To do >> Once the line containing "MIGRITY创业学院 Logo" is reached, copy it and every line after it exactly, to the end of the material, without pictures.

Data block >>
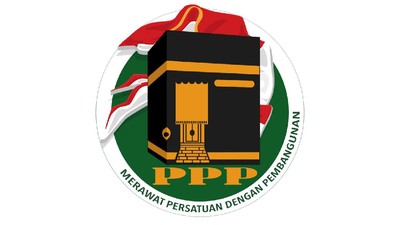 PPP Bantah Cari Tokoh Eksternal Jadi Calon Ketua Umum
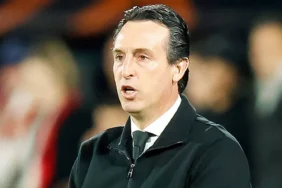 aston-villa-incar-playmaker-ajaib-yang-ingin-berkiprah-di-liga-premier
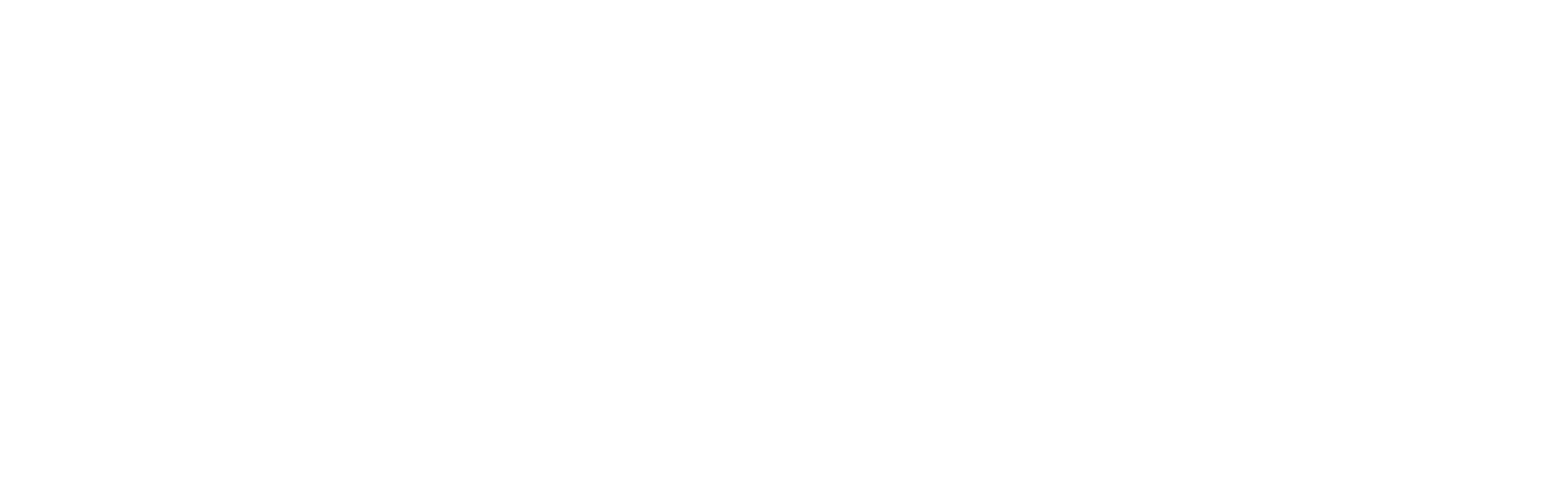MIGRITY创业学院 Logo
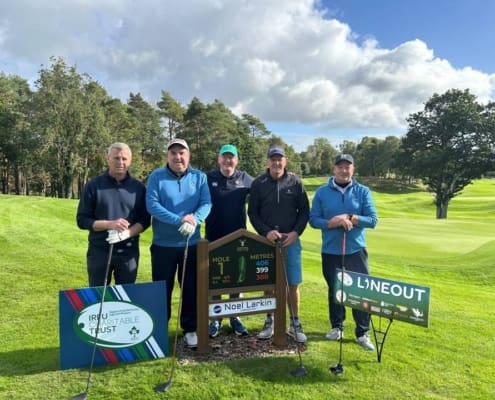 IRFU Charitable Trust 2026 Connacht Charity Golf Outing (92)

Your solution >>
MIGRITY创业学院 Logo
 IRFU Charitable Trust 2026 Connacht Charity Golf Outing (92)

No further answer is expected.